Dans quelle mesure alors la « culture funéraire » peut concourir d’une certaine manière à la ri-proposition d’un imaginaire partagé et à la recomposition d’une mémoire culturelle collective ? Dans quelle mesure ces figurations symboliques participent-elles de conceptions ou de pratiques particulières de la mort et quelle perspective adopter afin de ri-articuler le dialogue entre réalité observée et sa représentation sur de nouvelles bases ?

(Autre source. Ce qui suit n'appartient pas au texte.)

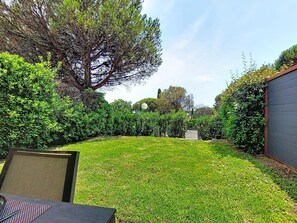 A backyard with a lawn, a chair, and a table. - Les Grenadines by Interhome (Les Issambres)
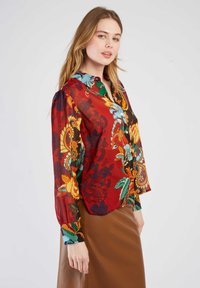 Rote Bluse mit floralem Muster und langen, gepufften Ärmeln, die grüne, gelbe und blaue Muster aufweist. Mit Kragen und Knopfdetails sowie einer lockeren Passform.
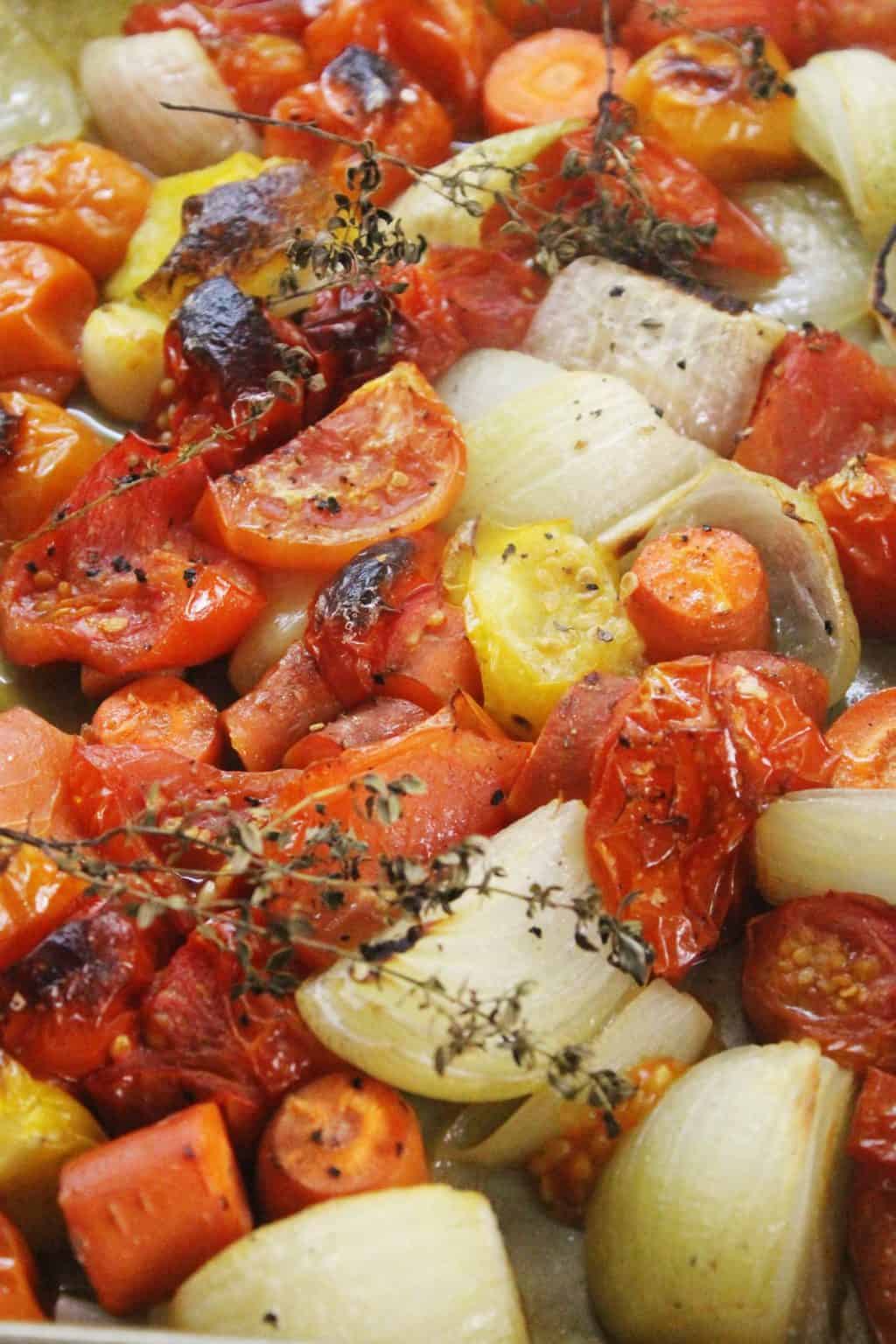oven roasted tomato, onions and herbs on a sheet pan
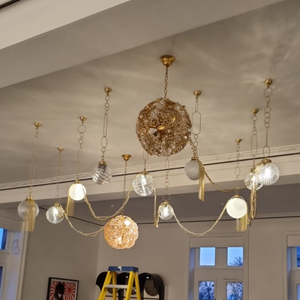 luxury globe ceiling light installation - custom chandelier design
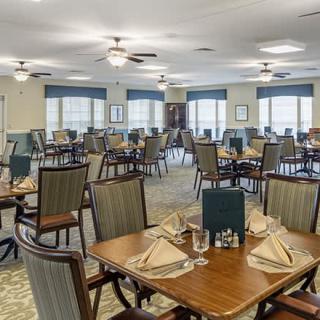 An elegant dining room with neatly arranged tables and chairs, featuring place settings with napkins.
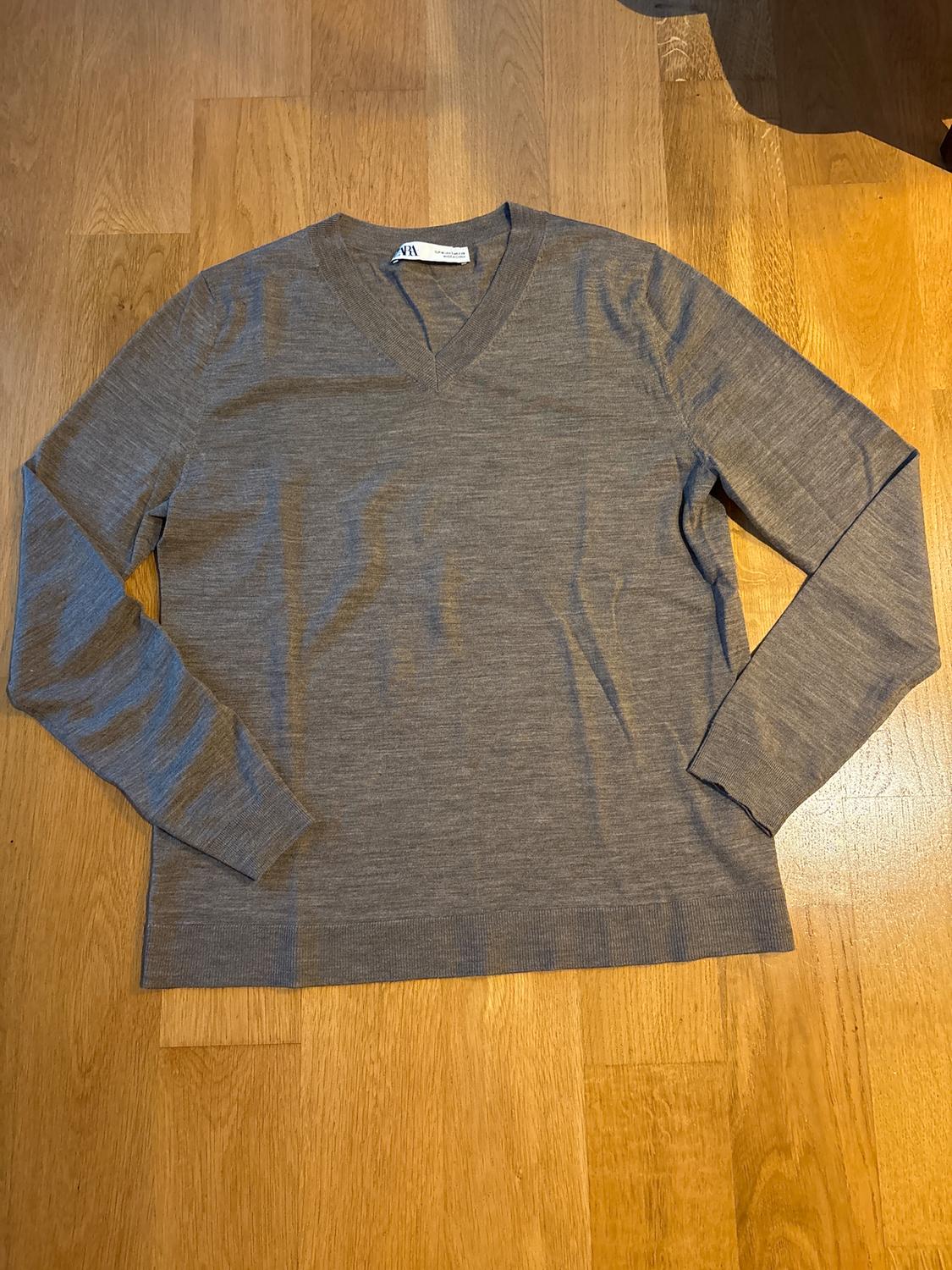 Grey long-sleeved V-neck jumper on a light wooden floor. Visible label on the collar.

C’est à partir de ces questions qu’ on a commencé à appliquer notre regard sur les implications du social mises en action pendant ce « perfectionnement » terminal2, où le concept de « imaginaire » nous a fourni ainsi l’occasion pour entamer une réflexion sur d’autres aspects apparemment moins évidents par lesquels on a pu aborder notre sujet de recherche selon différents angles d’approche, tels que les relations de parenté face au processus d’urbanisation, ou encore les changements et les interactions entre les catégories de tradition et modernité, où l’analyse linguistique peut représenter une fenêtre d’observation très utile.Nos terrains se sont enrichis d’un travail comparatif nécessaire, où le dialogue entre les lieux impliqués a tracé des coordonnées significatives dans la lecture de la ritualité funéraire, en dévoilant les dynamiques en mutation sur le thème de la vie, de la mort et de la renaissance, aussi que sur la cohabitation avec les formes régionales de ce qui est considéré comme l’hindouisme classique. Le choix de prendre à référence deux implantations s’accorde bien avec notre perspective d’analyse, ouvrant des fenêtres de communication réciproque à l’égard de la position socio-culturelle occupée par les Pardhans et de la vision qu’ils en donnent. C’est bien là alors que l’étude sur le rapport entre imaginaire et rituel funéraire traduisant les conceptions cosmogoniques et thanatologiques d’une communauté se croise avec le thème du rapport caste-tribu dans le contraste de milieux urbain-rural et du concept de « glocalisation » avec les redistributions qu’il pilote.



[1] Par le terme ādivāsī on va indiquer les habitants originaires de l’Inde.

[2] Cette action de « perfectionnement » renvoie au terme sanscrit de “saṃskāra”.